When you buy food in a supermarket, are you reminded of a farm? Not Likely. The meat is carved into pieces that no longer resemble an animal and is wrapped in paper or plastic film. Often the vegetables are canned or frozen. The milk and eggs are in cartons. Yet all foods we eat whether plant or animal must first be grown or raised on a farm or ranch, or harvested from the natural environment.
Key Issue 1: Why Do People Consume Different Foods?
Food, Agriculture, & Geography The consumption of food differs throughout the world in both total amount and source of nutrients. The differences result from a combination of three factors: level of development, physical conditions, and cultural preferences. The modern American or Canadian farm is mechanized and highly productive, especially when compared to subsistence farms found in much of the rest of the world. This difference represents one of the most basic contrasts between the more developed and less developed countries of the world.
Total Consumption of Food The amount of food an individual consumes is dietary energy consumption, measured in calories. Dietary energy consumption varies throughout the world with some areas of the world below 2,800 calories, the recommended minimum.
Global Scale: Supply & Demand Diets can be deficient in both developed and developing countries. In the United States and other parts of the world people consume more calories than the recommended minimum leading to obesity. In contrast, people in other parts of the world do not get enough to eat. In other places population growth challenges the ability of farmers to grow enough food to sustain a growing population. The threat of famine is especially severe in the Horn of Africa and the Sahel.
Global Agriculture and Undernourishment The United Nations defines food security is as physical, social, and economic access at all times to safe and nutritious food sufficient to meet dietary needs and food preferences for an activity and healthy life. Ten percent of the world population is classified as not having food security.
Undernourishment Undernourishment is dietary energy consumption that is continuously below that needed for healthy life and carrying out light physical activity. As a percentage of a country’s population, undernourishment is an issue in sub-Saharan Africa and South Asia. According to the U.N., an estimated 803 million people in the world are undernourished, one-half of them in South Asia and East Asia (especially in India and China). India is home to one-quarter of the world’s undernourished population. Despite these statistics, progress has been made in reducing undernourishment—between 2000 and 2017, the number of undernourished people declined from 924 million to 803 million, and the global percentage decreased from 15 percent to 11 in the same period.
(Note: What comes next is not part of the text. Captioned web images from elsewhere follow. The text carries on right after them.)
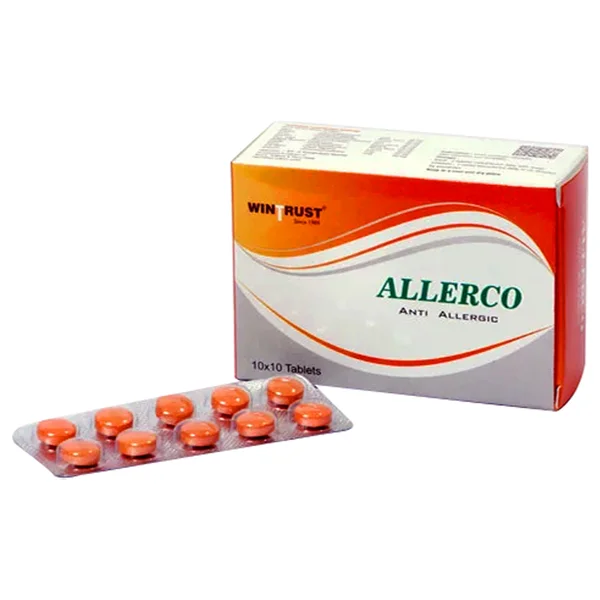 Allerco Tablets, 10 Count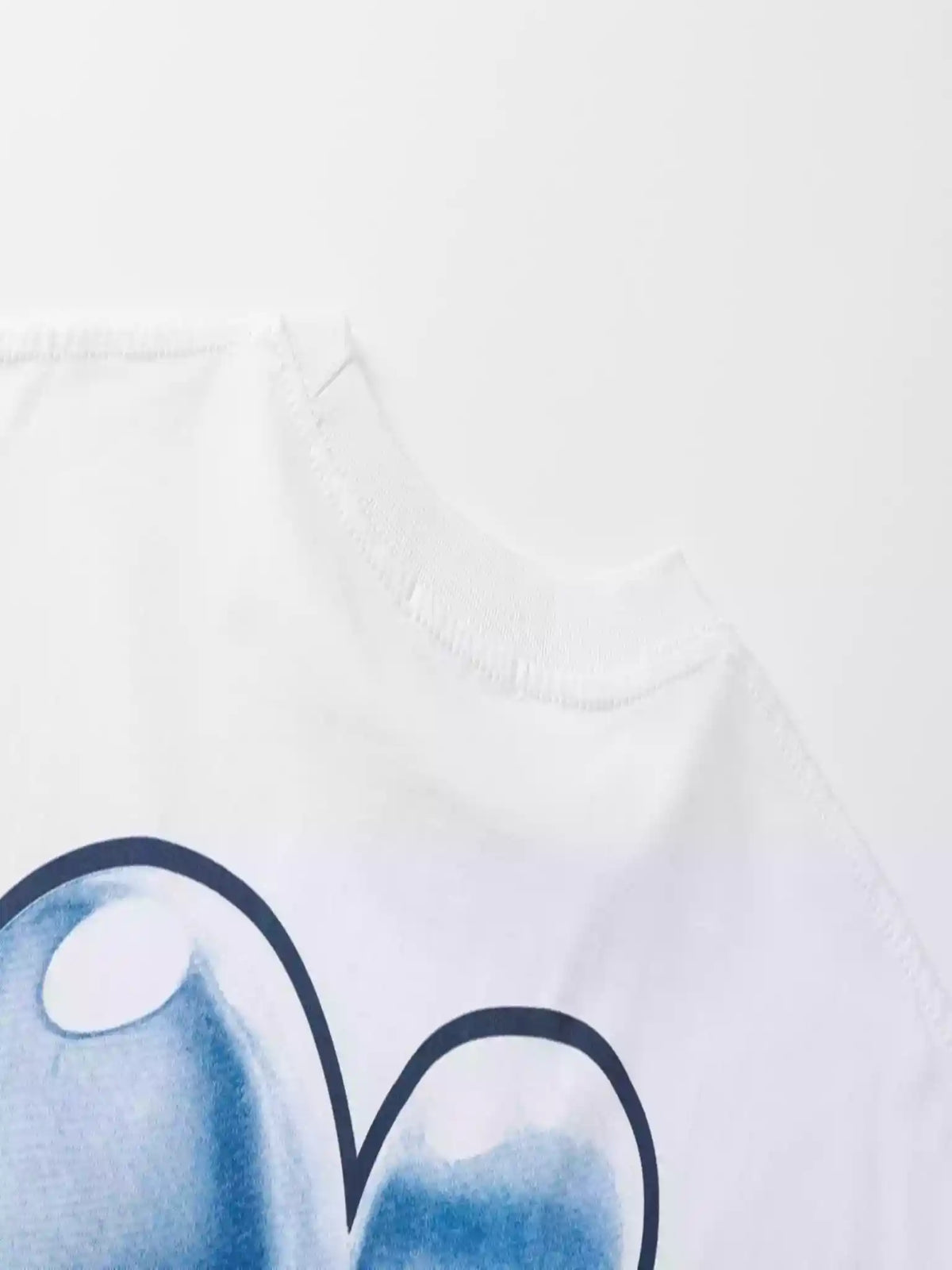 Off-White Bubble Fff T-shirt In White – OWS023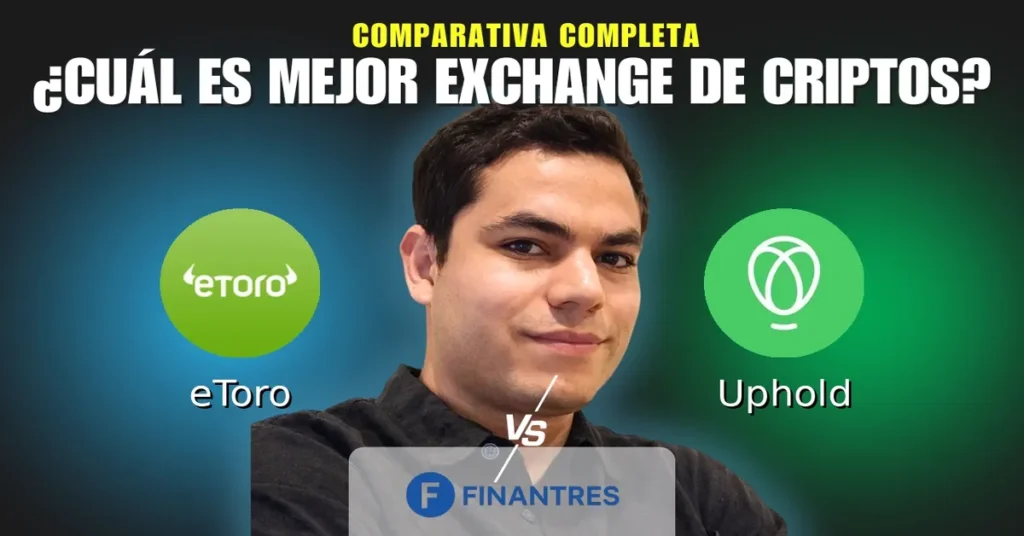 etoro vs uphold comparativa exchanges criptomonedas
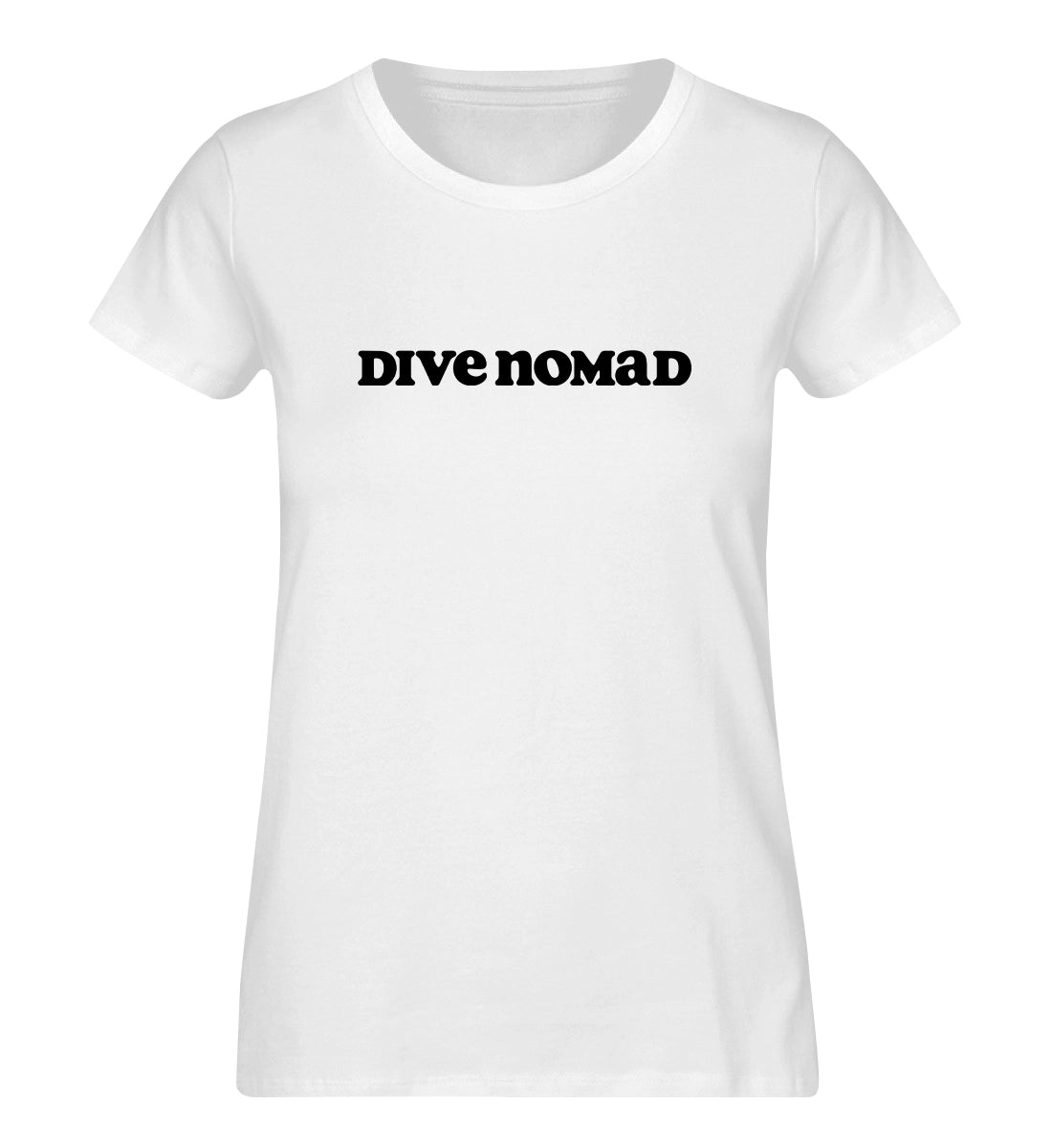 Dive Nomad - 100 % Bio Frauen T-Shirt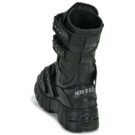 New Rock  WALL 422  Nero -  Stivali bassi  Donna - 5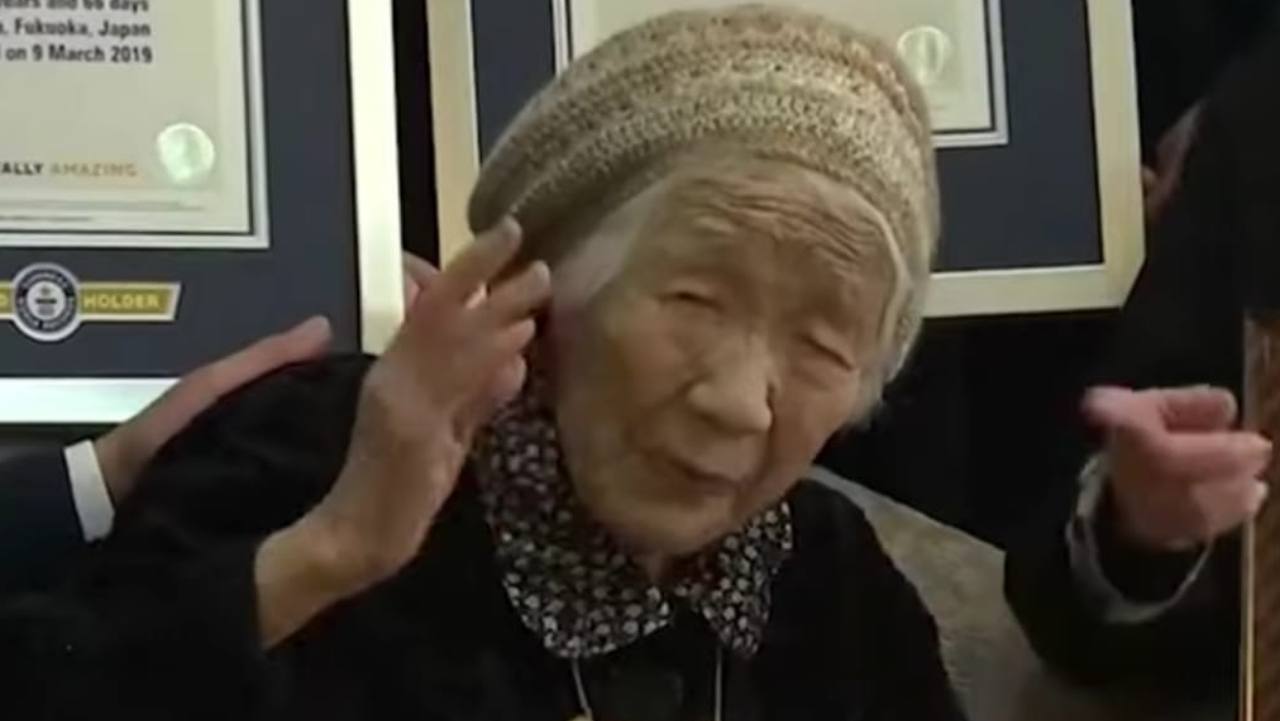 Kane Tanaka, la donna più anziana del mondo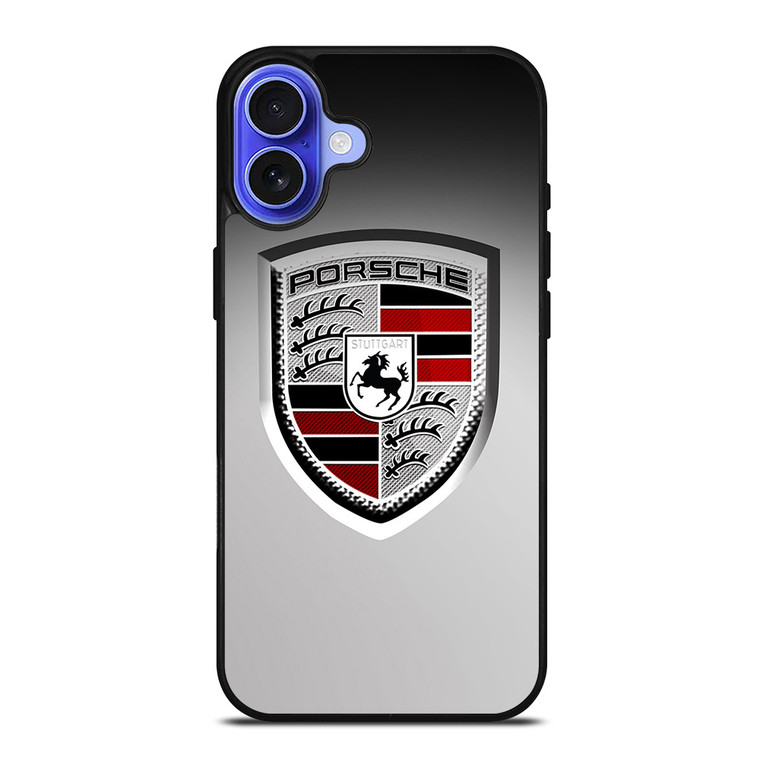 PORSCHE CAR LOGO iPhone 16 Case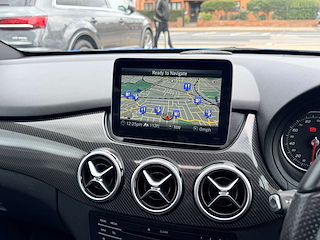 Used Mercedes B180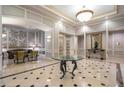 Elegant lobby featuring ornate details and comfortable seating at 199 14Th Street Ne St # 704, Atlanta, GA 30309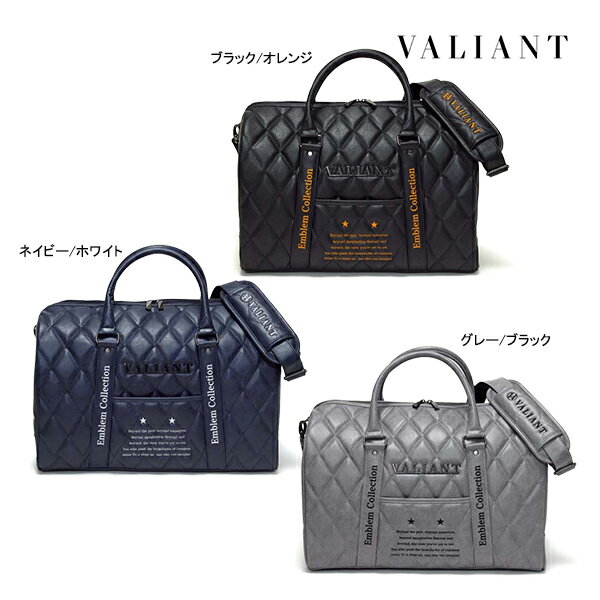バリアント ボストンバッグ エンブレムコレクション VAE-005 BB STANDARD EMBLEM COLLECTION VALIANT 数量限定 高級素材 撥水性 耐久性 レゴリス 26ET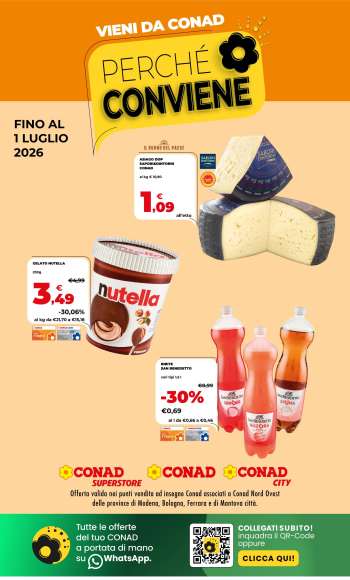 Volantino Conad - 18/6/2026 - 1/7/2026.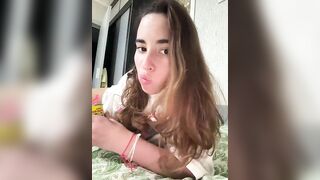 Etokiska - Porn Video [Bongacams]: jaw dropping enchantress, bootylicious cheeks, stream archive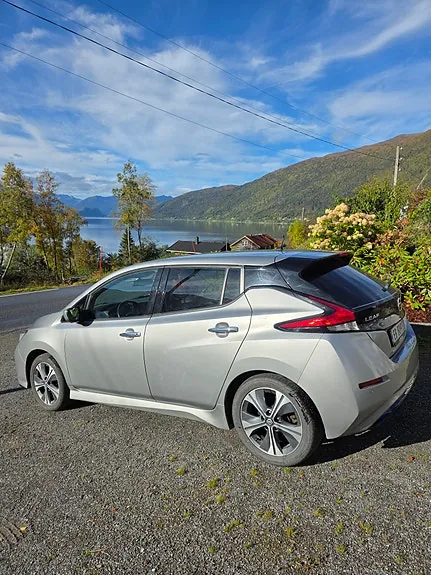 Nissan Leaf 2020 photo 4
Food Prices The price of food, rather than food supply, has emerged as the greatest challenge to world food supply in the twenty-first century. For instance, food prices have more than doubled between 2006 and 2008, remained at record high levels through 2014, and declined sharply in 2015, and again increased in 2017. Competition among supermarkets helps to keep prices lower in developed countries.
The U.N. credits the high food prices to four factors:
Poor weather, in major crop-growing regions of the South Pacific and North America. Higher demand, especially in China and India.
Smaller growth in productivity, especially without major new “miracle” breakthroughs.
Use of crops as biofuels instead of food, especially in Latin America.
Record high food prices have resulted in record-high increases in the price of prime agricultural land. The price of an acre of farmland in Iowa increased 400 percent from $2,500 an acre in 2000 to $10,000 in 2018.
Source of Nutrients Most humans obtain most of their calories through consumption of a cereal grain, a grass that yields grain for food. Grain is the seed from a cereal grass. The three leading cereal grains are wheat, rice, and corn (maize). These three grains together account for 90 percent of all grain production and more than 40 percent of all dietary energy consumed worldwide.
Protein Protein is a nutrient needed for growth and maintenance of the human body. Many food sources provide protein of varying quantity and quality. One of the most fundamental differences between developed and developing regions is the primary source of protein. In developed countries, the leading source of protein is meat products, including beef, pork, and poultry. In most developing countries, cereal grains provide the largest share of protein.
9.1
Community supported agriculture (CSA)
A system in which a farm operation is supported by shareholders within the community who share both the benefits and risks of food production
Concentrated Animal Feeding Operation (CAFO)
A farm where many animals are kept in tight quarters in a small area
Dietary energy consumption
The amount of food that an individual consumes, measured in kilocalories (Calories in the United States).
Extensive agriculture
Agriculture that uses small amounts of labor on a large area of land
Fertile Crescent
A crescent-shaped area in Southwest Asia where settled farming first began to emerge leading to the rise of cities
Food security
Physical, social, and economic access at all times to safe and nutritious food sufficient to meet dietary needs and food preferences for an active and healthy life.
Grain
Seed of a cereal grass. Cereal grain A grass that yields grain for food.
Mediterranean climate
A climate with warm, dry summers and cool, mild winters mainly found around the Mediterranean Sea
Undernourishment
Dietary energy consumption that is continuously below the minimum requirement for maintaining a healthy life and carrying out light physical activity.